Briefly describe the work you do.
I make repetitive objects that are the physical representation of some small yet concrete memory that consumes me. That makes me have these conversations with my past self. I am on that search for understanding why things are the way they are. Often times I concentrate my work on my struggles with personal and impersonal relationships. I am searching for contentment through my work. But what really is contentment but an inconsistent ephemeral moment?
Tell us a little about your background and how that influences you as an artist.
I was born in rural Southern China and moved to suburban Maryland when I was six. My background and observations of two vastly different cultures heavily influences me as an artist, as I recall and use objects from my past that hold deeper meanings to me. My work is full of symbolism deriving from Chinese culture, American culture, and my personal past.
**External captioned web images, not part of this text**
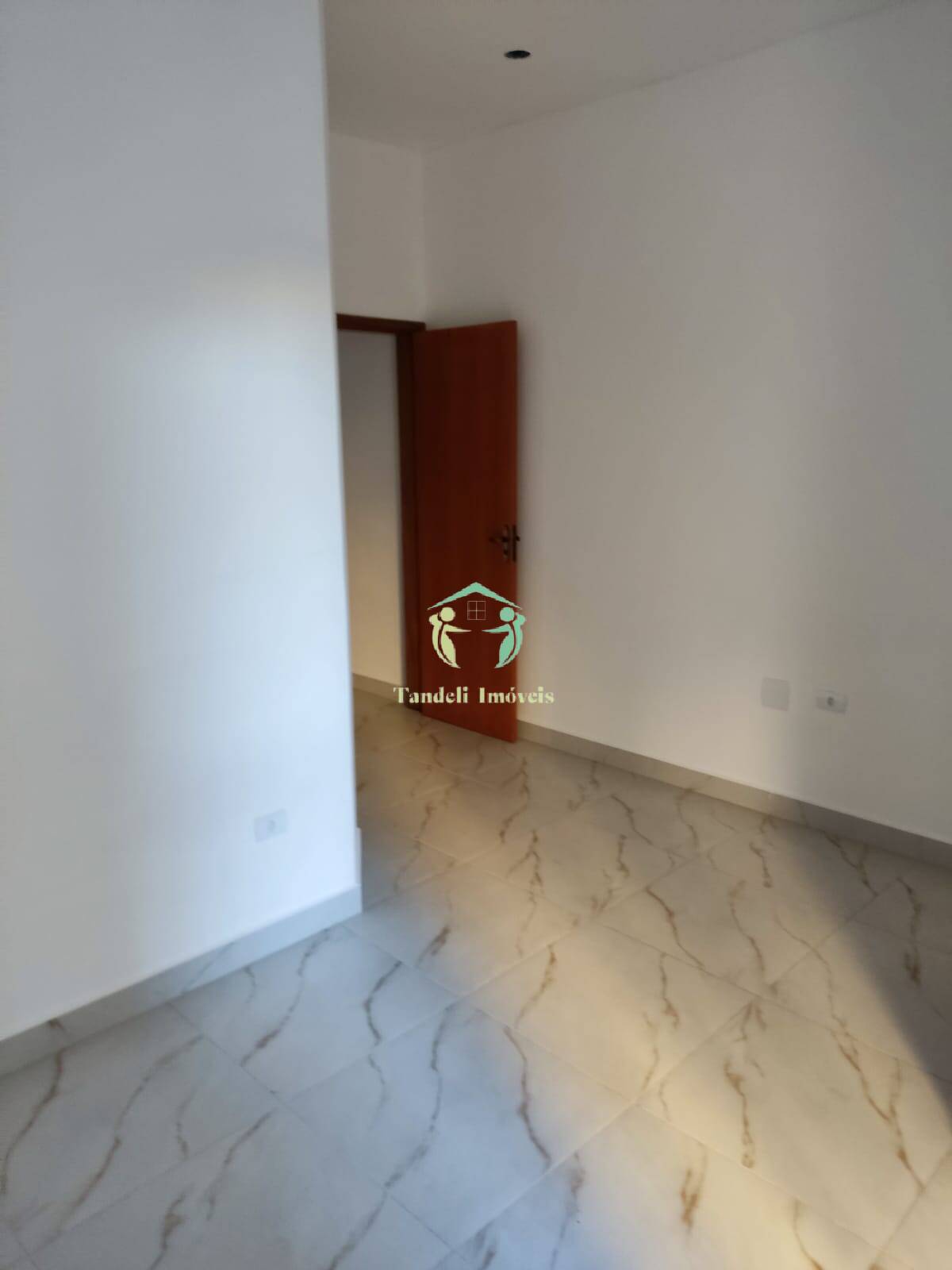 Apartamento, 3 quartos, 73 m² - Foto 5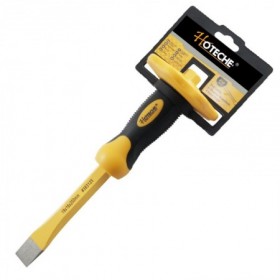 Comprar Cortafrios Con Protector 250Mm C/Vanadio Hoteche 191131 al Mejor Precio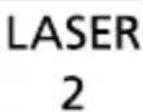 Laserliner LaserCube Green - Veiligheidsinstructies - 2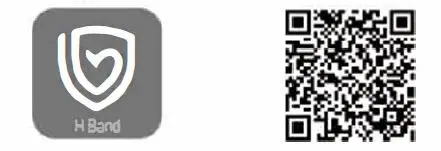 global sources Smartwatch User fig2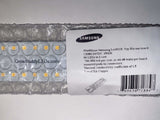 Sun Board Quantum Grow Strip with 96 Samsung LM301B LEDs - FTL Express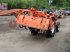 Traktor типа Kubota B1-14D Bulltra, Gebrauchtmaschine в Antwerpen (Фотография 7)
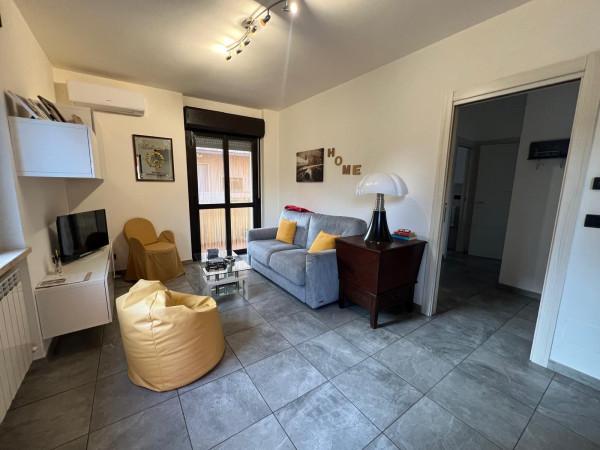 Trilocale in Via Pavone 24/3, Banchette — foto 5 di 5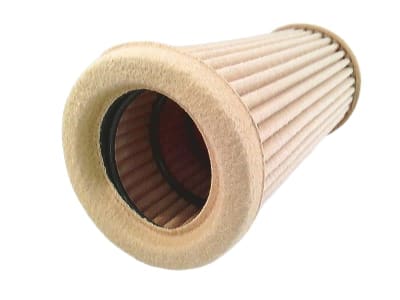 SUPERIOR HVACR F35A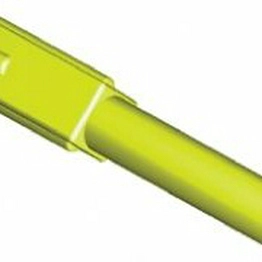 TE Connectivity 284583-1 image
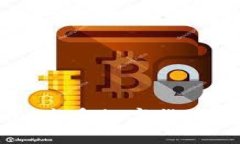 温馨提示：请确保您的TP Wallet应用程序已更新到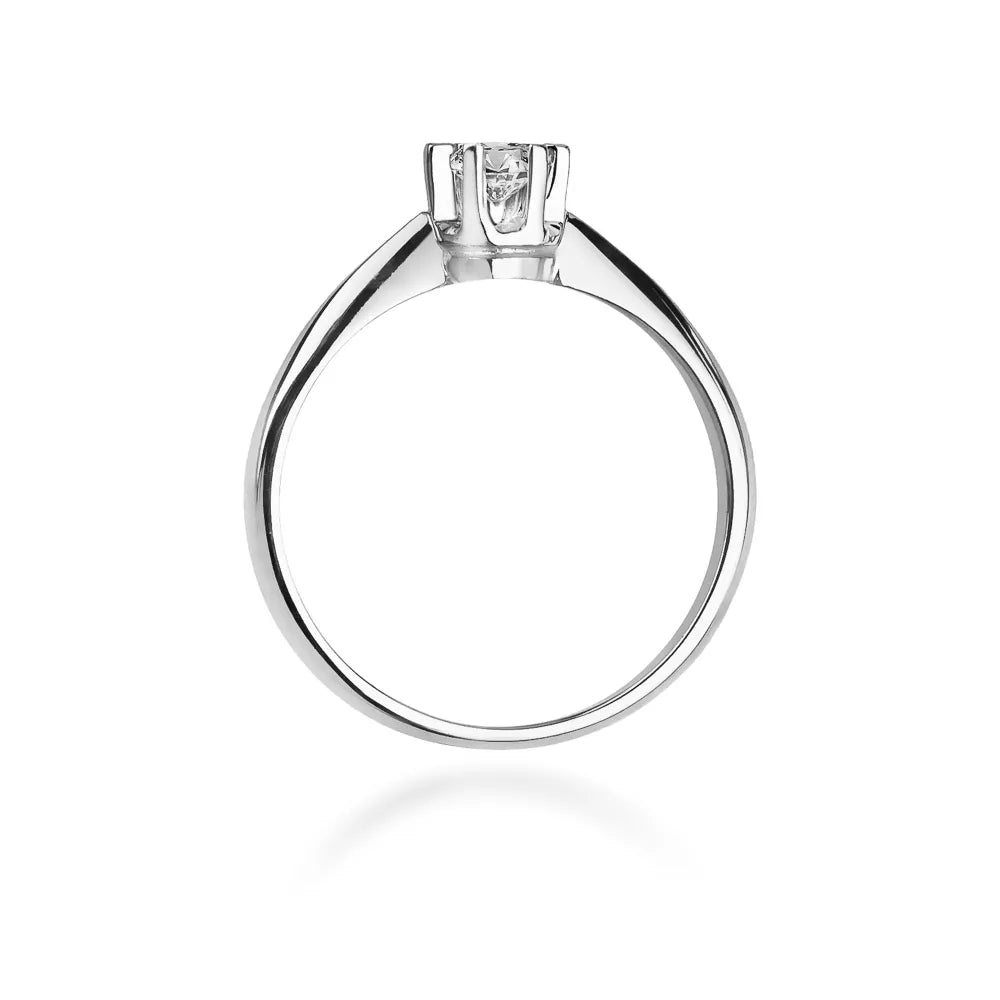goldring-mit-0-23ct-diamant-w0036-diw-03
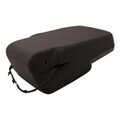 84381171 - Body: Armrest Assembly for GM Image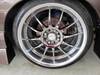 NISSAN 180SX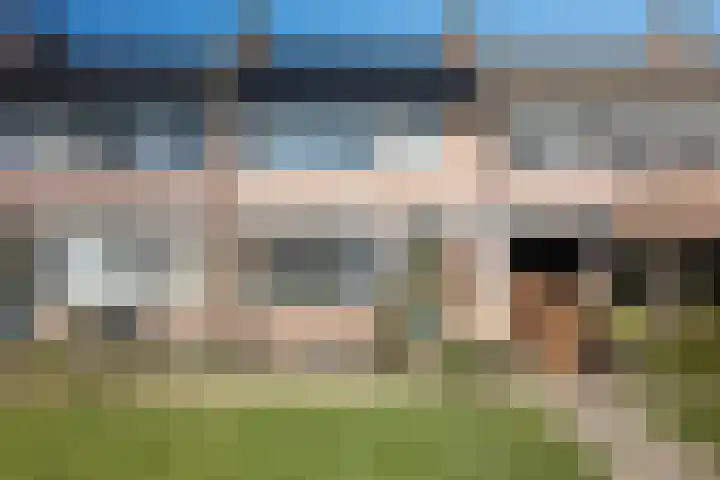Zwaluwlaan 7 Dieren thumbnail 18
The concept of the “artist studio” has a broad range of meanings, especially in contemporary practice. The idea of the artist toiling away alone in a room may not necessarily reflect what many artists do from day to day anymore. Describe your studio practice and how it differs from (or is the same as) traditional notions of “being in the studio.”
My studio practice is very much still in essence the “idea of the artist toiling away alone in a room”. My work is very much process oriented and to reach a satisfactory result, I work and make until I find what my subconscious is looking for. I find working in the studio endlessly to be a relief from everyday tasks and interactions. It is my time to replay and examine those interactions. I work my neuroticism into my work through repetitive motions and decisions.
What unique roles do you see yourself as the artist playing that you may not have envisioned yourself in when you first started making art?
When I first started making art, I had never envisioned using myself as part of a piece. I was first introduced to visual 3-D art through ceramics and my love for the materials is still constant. However over time, I learned how to incorporate other materials and then ways of creating into my concepts. Recently I have started incorporating performance into my work. Personally, I think it is important to keep an open mind to trying new materials and mediums to revolve around the concept, and not vice versa.
When do you find is the best time of day to make art? Do you have time set aside every day, every week or do you just work whenever you can?
I am currently a graduate student, so I have to find time to make work around my other responsibilities of going to class, teaching class, studio duties, and other assistantship needs. I work best at night when there are less people and distractions around me. When I work, I typically have goals in mind of what I wish to achieve that day, and that time is usually after my day’s obligations.
How has your work changed in the last five years? How is it the same?
My work has always been focused around my personal memories and interactions. That concept will most likely be a constant in my work for as long as I am privileged to make art. My work has become more diverse in the ways that I produce my work. I was shy about incorporating myself previously, but I think that has opened up new doors in the way that I approach creating.
Are there people such as family, friends, writers, philosophers or even pop icons that have had an impact on the work you do?
My family and friends, and even people that I interact with at Lowes have an impact on my work. The work that I do is essentially a regurgitation of my previous, present, and sometimes future interactions.
If you had an occupation outside of being an artist, what would that be and why?
I would be an archeologist without a doubt, but an archeologist like Indiana Jones where I get to travel, explore, find ancient relics, go on adventures, and have showdowns with villains.
Xia Zhang is a Chinese American artist who moved from Guangdong, China at a very young age. Growing up in suburban Maryland in an immigrant family heavily influences the work that she creates. Xia received her BA from Slippery Rock University of Pennsylvania and is currently working on her MFA at West Virginia University.